Malusi Gigaba. Picture: REUTERS
Malusi Gigaba. Picture: REUTERS

Finance Minister Malusi Gigaba told the ANC’s top leadership that the government would need R12bn to fund President Jacob Zuma’s plan to scrap tuition fees for students from poor homes, according to a person with knowledge of the matter.

Gigaba told the ANC’s National Executive Committee (NEC) this week that the Treasury would cut from existing spending programmes and would not announce a special tax or an increase in the value-added tax (VAT) rate to finance Zuma’s plan, according to the person, who asked not to be identified because he was not authorised to speak on the matter.

The Treasury was still exploring ways to fund the plan and would only give further details about the amount needed in the February 21 budget, spokesperson Mayihlome Tshwete said by phone.

Zuma unveiled the free-education plan on December 16, two days before Cyril Ramaphosa replaced him as leader of the ANC. The party’s NEC met on Wednesday in East London to prepare for its anniversary celebrations on Saturday.

SA will have a revenue shortfall of R50.8bn in the fiscal year that ends in March, Gigaba said in the October medium-term budget policy statement.

In November, Zuma told the Presidential Fiscal Committee to cut spending by R25bn in the 2018-19 budget and to find ways to add R15bn to the nation’s revenue to help stave off further debt downgrades. Cutting expenditure could stunt growth in an economy that went through its second recession in less than a decade in 2016.

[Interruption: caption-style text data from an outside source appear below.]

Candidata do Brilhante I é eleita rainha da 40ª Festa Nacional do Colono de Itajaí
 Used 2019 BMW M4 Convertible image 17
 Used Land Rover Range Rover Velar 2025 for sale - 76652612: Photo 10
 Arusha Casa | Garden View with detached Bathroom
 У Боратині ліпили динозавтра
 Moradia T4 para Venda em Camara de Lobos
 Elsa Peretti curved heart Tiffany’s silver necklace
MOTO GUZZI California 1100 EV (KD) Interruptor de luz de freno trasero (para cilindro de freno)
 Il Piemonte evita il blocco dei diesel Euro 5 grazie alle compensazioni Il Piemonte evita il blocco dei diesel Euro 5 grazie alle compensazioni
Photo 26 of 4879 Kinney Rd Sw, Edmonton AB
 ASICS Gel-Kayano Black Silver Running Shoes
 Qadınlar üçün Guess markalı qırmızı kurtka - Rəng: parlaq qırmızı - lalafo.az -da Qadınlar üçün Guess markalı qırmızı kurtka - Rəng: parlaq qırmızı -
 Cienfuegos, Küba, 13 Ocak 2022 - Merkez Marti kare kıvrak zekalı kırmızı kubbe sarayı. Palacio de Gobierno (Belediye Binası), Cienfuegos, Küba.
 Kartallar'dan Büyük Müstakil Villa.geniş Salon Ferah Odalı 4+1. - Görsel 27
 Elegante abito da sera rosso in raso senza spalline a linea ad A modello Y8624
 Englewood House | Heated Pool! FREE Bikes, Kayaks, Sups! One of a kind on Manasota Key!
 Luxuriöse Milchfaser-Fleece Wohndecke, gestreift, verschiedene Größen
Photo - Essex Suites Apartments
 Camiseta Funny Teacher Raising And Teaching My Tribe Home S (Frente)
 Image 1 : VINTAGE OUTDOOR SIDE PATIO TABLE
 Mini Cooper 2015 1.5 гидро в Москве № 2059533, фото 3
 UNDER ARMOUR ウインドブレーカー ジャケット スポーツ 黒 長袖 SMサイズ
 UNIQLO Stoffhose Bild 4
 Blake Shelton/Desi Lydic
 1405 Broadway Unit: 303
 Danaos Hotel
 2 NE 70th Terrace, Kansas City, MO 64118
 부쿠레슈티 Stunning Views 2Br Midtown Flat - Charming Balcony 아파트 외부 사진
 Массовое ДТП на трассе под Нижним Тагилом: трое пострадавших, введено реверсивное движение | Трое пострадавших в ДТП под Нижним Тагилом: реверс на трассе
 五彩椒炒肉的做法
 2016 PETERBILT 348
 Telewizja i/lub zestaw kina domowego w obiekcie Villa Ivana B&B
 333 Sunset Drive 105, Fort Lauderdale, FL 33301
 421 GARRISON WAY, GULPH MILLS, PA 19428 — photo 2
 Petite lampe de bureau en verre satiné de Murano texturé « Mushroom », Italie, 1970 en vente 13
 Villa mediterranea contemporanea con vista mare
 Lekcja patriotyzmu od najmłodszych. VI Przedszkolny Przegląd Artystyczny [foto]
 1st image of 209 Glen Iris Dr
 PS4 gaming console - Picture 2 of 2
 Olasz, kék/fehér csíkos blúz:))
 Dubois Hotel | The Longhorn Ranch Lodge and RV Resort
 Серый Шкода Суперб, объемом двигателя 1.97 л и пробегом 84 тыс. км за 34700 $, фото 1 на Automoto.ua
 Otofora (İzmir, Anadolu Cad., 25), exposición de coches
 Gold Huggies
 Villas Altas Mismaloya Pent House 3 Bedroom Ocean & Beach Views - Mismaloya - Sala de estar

SA will increase subsidies to universities to 1% of GDP from 0.7% now, over the next five years, according to Zuma’s plan. The Treasury allocated R76.7bn to higher education for the year to the end of March, and estimates this will increase by an average of 8.2% in each of the following three years, the fastest-growing spending item after debt-service costs, it said in the October budget.